### Exercise requirements
Locate the line that contains "Load image into", then copy it and all later lines of the data below exactly, through the last one.

### Given data
══════════

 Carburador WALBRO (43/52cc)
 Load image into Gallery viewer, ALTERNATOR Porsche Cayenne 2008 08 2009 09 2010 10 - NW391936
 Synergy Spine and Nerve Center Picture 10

══════════

### Answer to this problem
 Load image into Gallery viewer, ALTERNATOR Porsche Cayenne 2008 08 2009 09 2010 10 - NW391936
 Synergy Spine and Nerve Center Picture 10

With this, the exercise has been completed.